_Problem to solve:_ Return, exactly and in full, the lines of the records below starting at the one with "İlerleyen yaşı buz" and ending at the one with "Louis Vuitton Damier", and no other lines.

[Stored entries]
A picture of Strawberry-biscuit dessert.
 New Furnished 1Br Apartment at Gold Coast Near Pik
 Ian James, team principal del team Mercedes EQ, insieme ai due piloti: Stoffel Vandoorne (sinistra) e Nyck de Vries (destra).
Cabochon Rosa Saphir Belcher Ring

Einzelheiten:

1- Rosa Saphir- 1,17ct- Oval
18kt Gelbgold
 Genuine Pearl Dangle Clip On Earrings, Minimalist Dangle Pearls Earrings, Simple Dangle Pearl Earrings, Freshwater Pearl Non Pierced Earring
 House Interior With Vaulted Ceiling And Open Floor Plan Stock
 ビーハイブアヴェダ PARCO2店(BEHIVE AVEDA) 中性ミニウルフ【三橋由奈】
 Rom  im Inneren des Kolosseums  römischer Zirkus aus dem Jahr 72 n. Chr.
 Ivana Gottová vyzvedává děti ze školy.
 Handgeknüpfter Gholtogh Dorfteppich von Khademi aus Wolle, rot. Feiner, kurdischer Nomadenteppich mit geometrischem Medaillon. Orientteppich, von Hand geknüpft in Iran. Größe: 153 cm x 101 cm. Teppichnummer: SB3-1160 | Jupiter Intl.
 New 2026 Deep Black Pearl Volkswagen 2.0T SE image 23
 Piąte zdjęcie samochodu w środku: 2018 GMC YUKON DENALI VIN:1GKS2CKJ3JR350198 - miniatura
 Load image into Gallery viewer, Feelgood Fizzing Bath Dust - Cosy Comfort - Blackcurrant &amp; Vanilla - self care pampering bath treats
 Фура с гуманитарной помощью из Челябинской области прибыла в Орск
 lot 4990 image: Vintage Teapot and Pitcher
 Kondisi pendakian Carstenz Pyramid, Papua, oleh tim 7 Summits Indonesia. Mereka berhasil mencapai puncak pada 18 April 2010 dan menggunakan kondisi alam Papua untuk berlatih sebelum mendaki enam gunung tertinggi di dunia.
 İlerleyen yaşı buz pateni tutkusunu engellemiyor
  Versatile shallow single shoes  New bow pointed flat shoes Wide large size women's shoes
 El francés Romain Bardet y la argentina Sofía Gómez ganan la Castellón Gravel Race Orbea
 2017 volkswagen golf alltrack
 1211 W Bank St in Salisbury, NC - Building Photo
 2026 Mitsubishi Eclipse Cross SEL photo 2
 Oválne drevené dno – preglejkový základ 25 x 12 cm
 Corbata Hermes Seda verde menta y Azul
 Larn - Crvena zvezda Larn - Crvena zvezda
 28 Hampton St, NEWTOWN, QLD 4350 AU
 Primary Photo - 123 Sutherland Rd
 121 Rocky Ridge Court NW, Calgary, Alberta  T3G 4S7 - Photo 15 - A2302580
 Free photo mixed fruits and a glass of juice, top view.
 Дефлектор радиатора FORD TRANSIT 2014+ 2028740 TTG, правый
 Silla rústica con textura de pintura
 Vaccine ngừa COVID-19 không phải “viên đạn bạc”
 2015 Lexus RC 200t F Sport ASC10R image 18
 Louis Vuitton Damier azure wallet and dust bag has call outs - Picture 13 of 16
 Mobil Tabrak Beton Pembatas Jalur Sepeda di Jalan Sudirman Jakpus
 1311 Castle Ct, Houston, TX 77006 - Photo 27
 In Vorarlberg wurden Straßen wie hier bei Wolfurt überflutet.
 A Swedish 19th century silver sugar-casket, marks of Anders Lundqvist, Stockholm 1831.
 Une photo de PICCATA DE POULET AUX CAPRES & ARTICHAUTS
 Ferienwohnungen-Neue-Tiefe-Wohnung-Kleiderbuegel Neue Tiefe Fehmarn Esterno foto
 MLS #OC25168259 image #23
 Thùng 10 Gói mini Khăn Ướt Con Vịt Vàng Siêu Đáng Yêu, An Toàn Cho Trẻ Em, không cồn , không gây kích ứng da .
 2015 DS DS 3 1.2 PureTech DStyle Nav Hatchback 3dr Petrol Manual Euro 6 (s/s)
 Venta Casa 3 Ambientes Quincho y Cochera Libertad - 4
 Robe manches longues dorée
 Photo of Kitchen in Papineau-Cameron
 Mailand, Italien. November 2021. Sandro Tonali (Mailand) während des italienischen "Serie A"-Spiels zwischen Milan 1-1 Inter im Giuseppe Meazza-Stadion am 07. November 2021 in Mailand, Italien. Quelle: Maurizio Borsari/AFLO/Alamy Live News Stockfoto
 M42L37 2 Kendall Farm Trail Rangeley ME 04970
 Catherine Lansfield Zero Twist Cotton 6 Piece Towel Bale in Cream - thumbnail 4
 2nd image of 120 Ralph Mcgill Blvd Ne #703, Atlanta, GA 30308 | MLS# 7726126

_Output below:_
 İlerleyen yaşı buz pateni tutkusunu engellemiyor
  Versatile shallow single shoes  New bow pointed flat shoes Wide large size women's shoes
 El francés Romain Bardet y la argentina Sofía Gómez ganan la Castellón Gravel Race Orbea
 2017 volkswagen golf alltrack
 1211 W Bank St in Salisbury, NC - Building Photo
 2026 Mitsubishi Eclipse Cross SEL photo 2
 Oválne drevené dno – preglejkový základ 25 x 12 cm
 Corbata Hermes Seda verde menta y Azul
 Larn - Crvena zvezda Larn - Crvena zvezda
 28 Hampton St, NEWTOWN, QLD 4350 AU
 Primary Photo - 123 Sutherland Rd
 121 Rocky Ridge Court NW, Calgary, Alberta  T3G 4S7 - Photo 15 - A2302580
 Free photo mixed fruits and a glass of juice, top view.
 Дефлектор радиатора FORD TRANSIT 2014+ 2028740 TTG, правый
 Silla rústica con textura de pintura
 Vaccine ngừa COVID-19 không phải “viên đạn bạc”
 2015 Lexus RC 200t F Sport ASC10R image 18
 Louis Vuitton Damier azure wallet and dust bag has call outs - Picture 13 of 16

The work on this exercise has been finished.